タイトルは「出崎統の失敗~劇場版「AIR」について~」
劇場版「AIR」を取り上げ、結果的に評価の芳しくない作品(=失敗作)となってしまった本作を顧みて、「どうしてそうなったのか」を検証する論考の予定でした。
東映版Keyのキセキ』主催者のhighlandさんには流用の許可を頂いていますので、とりあえず未完成の形ではありますが、ひとまずサブブログのこちらでアーカイヴしておきます。
いずれ続きを書く機会があるかどうか分かりませんが、完成品を読みたいという奇特な方がいらっしゃればお時間を頂いて、本ブログに記事としての投稿も視野に入れています。キリの良い所まで書いてはありますが、論考としては思い切り途中で終わっていますので、それでも宜しければどうぞご覧ください。


以下より本文です。


■はじめに

劇場版AIR」が公開されて15年が経つ。そして同作の監督にして日本の戦後アニメ史における重要人物の一人である、出崎統が亡くなって9年。来年(2021年)には没後10年となる。時の流れの早さを嘆いても、時は止まることはない。進み続ける時計の針に私たちは経過した時間の、残酷なまでの長さを思い知らされるわけであるが。

この文章を読んでいただいている方々は「劇場版AIR」についてどんな感想を持っているだろうか。原作ゲームに比較的忠実であるだろう京都アニメーション版と比して、出崎統ならではの原作改変が施されている(なおかつ出崎自身はゲーム自体をプレイしていない、プレイするつもりもなかったということも重なって)劇場版は多少なりとも原作ゲームを触れている人間においては多かれ少なかれ違和感を禁じえず(別物として認識される事が多いだろうか)、極端な意見になれは否定や拒絶、駄作という酷評を受ける映画として現在に至っている。もちろん近年、肯定的な評価も徐々に出てきてはいるが、当時の批判は出崎自身の耳にも届き、実際堪えたと述懐してる。

誤解を恐れずに言うならば、「劇場版AIR」は失敗作である。しかし失敗作イコール駄作だという安直な結論には持ち込みたくはない、というのが本論の趣旨だ。
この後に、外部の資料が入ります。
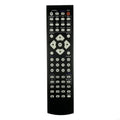 Ergonomic Remote Control Comfortable Grip Reduced Fatigue for MBE664 AVR101 Extended Television Viewing K1KF Quake CN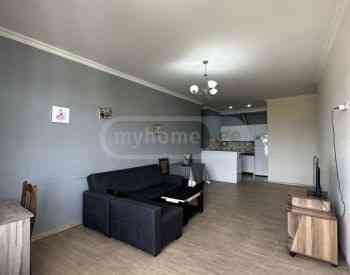 Apartments For Rent two-room 64м² 6/7 floor Tbilisi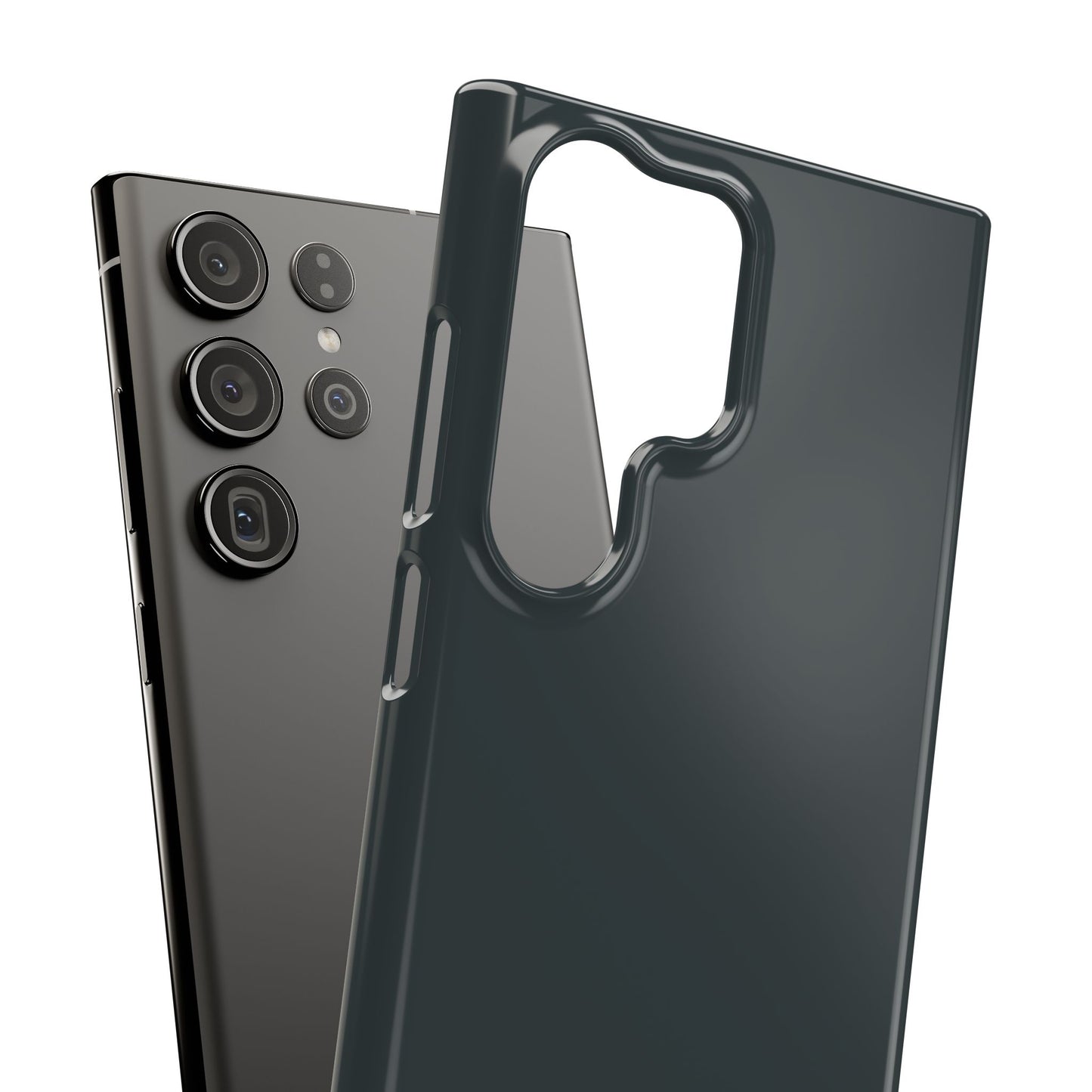 Slim Snap in Forest Obsidian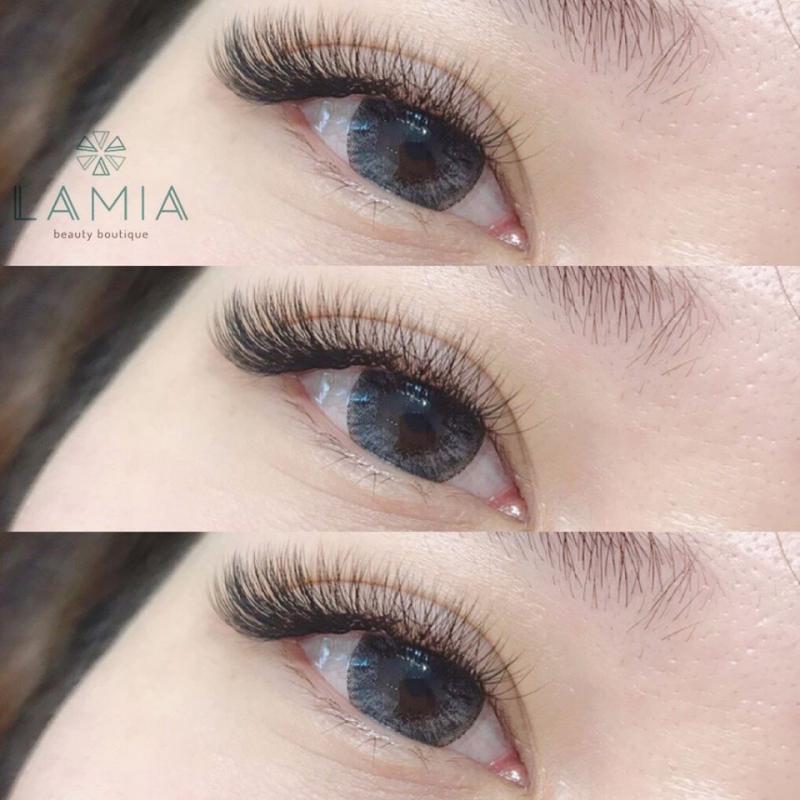 Lamia Beauty Boutique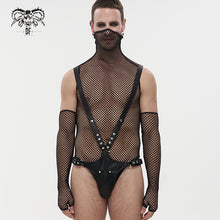 Load image into Gallery viewer, AS123 men&#39;s sexy leather accessories
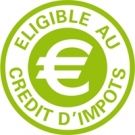 Photo CITE ou Crédit d’Impôt pour la Transition Energétique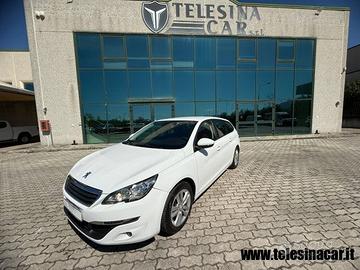 PEUGEOT 308 1.6 BlueHDi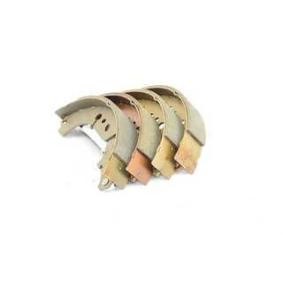 Compre Jogo de maxilas de travão da BSG BSG 25-205-006 a um preço baixo por 68,17 €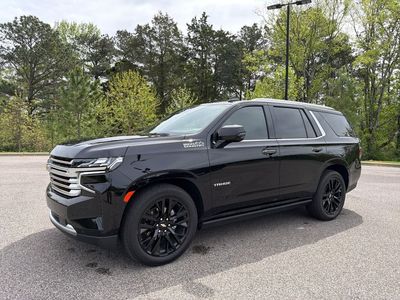 2024 Chevrolet Tahoe - Photo 9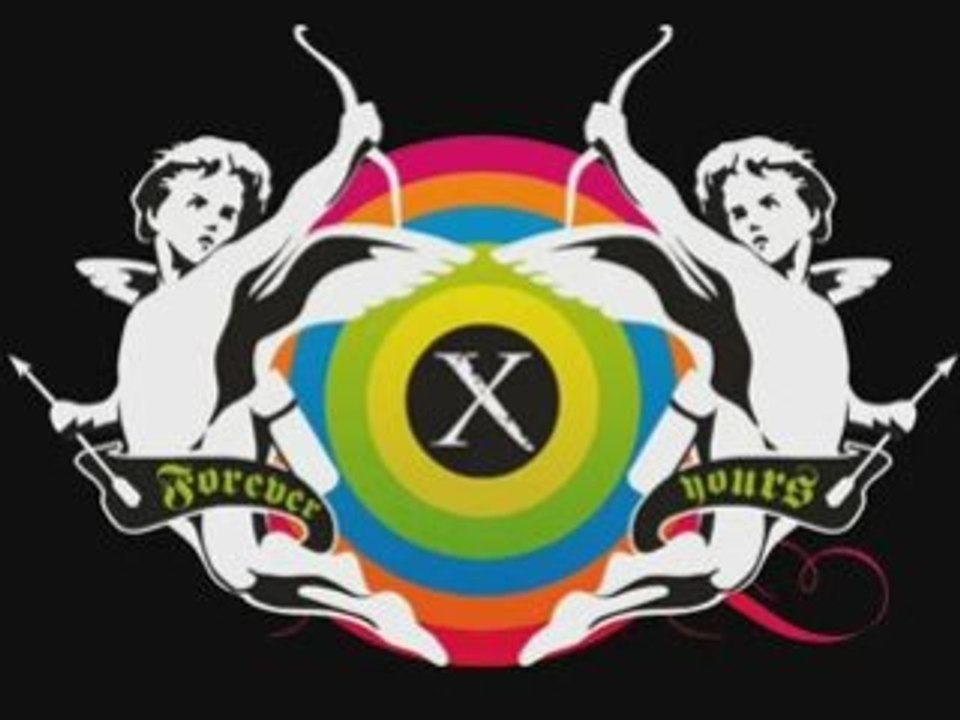 Lovin you more 2009 SONDERGAARD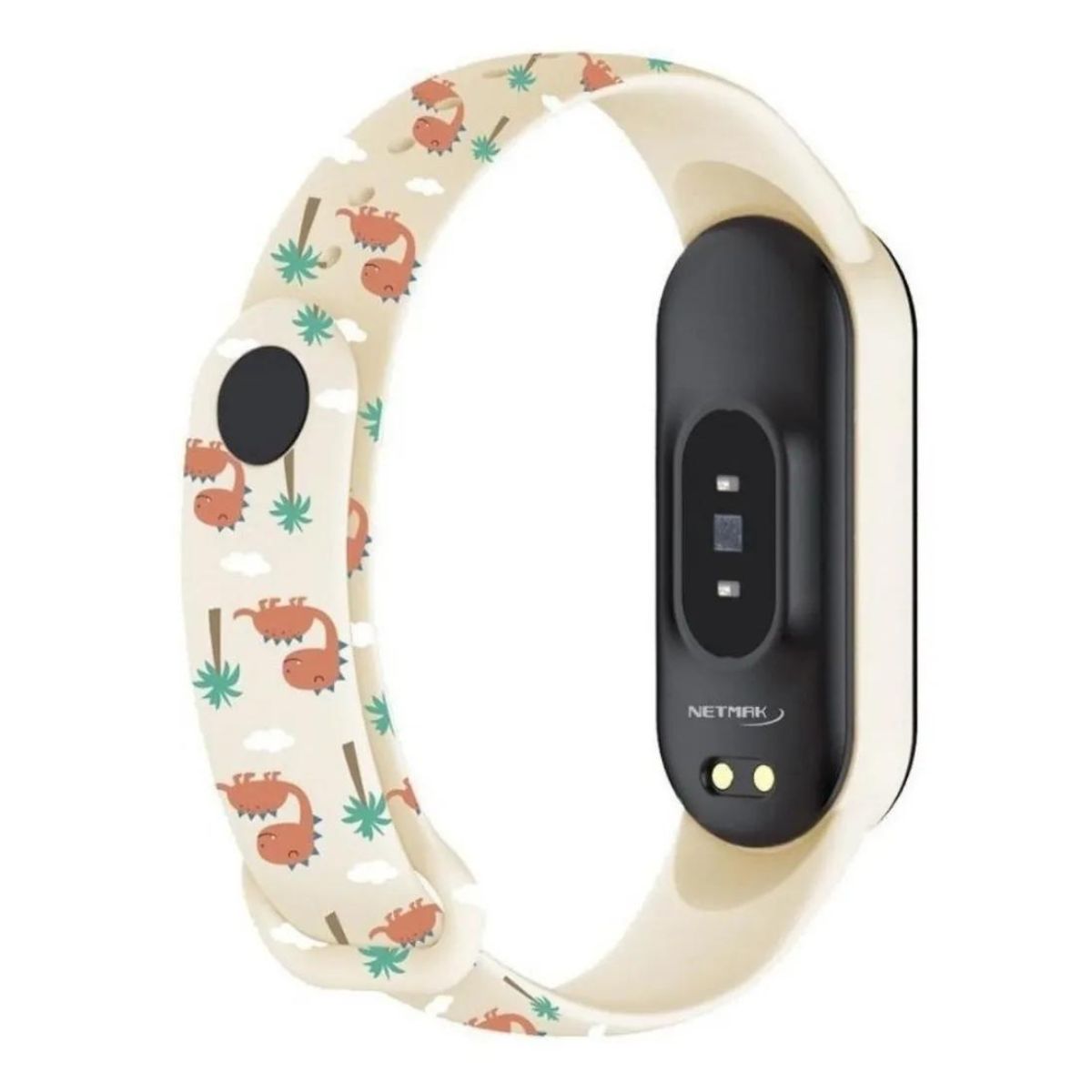 SmartWatch Kids Beige Netmak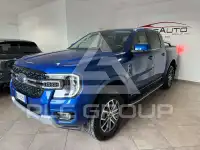 2023 Ford RANGER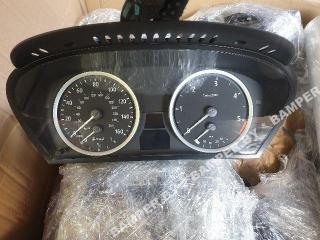 щиток приборов (приборная панель) BMW 5 серия E60/E61 2005, 3.0 л., дизель, АКПП, седан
『失敗は成功の母』とも言われるように、失敗を得て何かを掴むということはままあることだろう。出崎統という稀代のアニメーション監督がいわゆる「泣きゲー」の名作として当時すでに評価の定まっていたゲーム作品をどのように演出して、何に失敗したのか。結果的にこのコラボレーションは相乗効果を生み出せず、不発に終わっている点を鑑みて、「劇場版AIR」という作品を改めて紐解いていきたい。


■『映画』というモチーフ

(出崎)【ダスティン・ホフマン主演映画「卒業」を引き合いに】 
映画は90分の映画で、89分59秒つまらないのがあったとしてね、たった1秒スゴいのがあったらね、全部できちゃうの。だから、その妙な自信がさ、てか確信が、自分がどんどん絵コンテ書いてさ、「あ、時間がなくなる!もうわしちゃう!」って言いながらね、粘れるのはそれだと思うよ。つまり映画の何かってのいうのが、神様がそこでたった一瞬で全部をひっくり返して、全部をね、こうパァって輝かせてくれるものがあるはずだ! ってなかなかないんだけどさ。でもそれを探しながら行く(中略) すべてがこう飛躍できるっていうか、そういうのがあるんだっていう。それが面白いよ。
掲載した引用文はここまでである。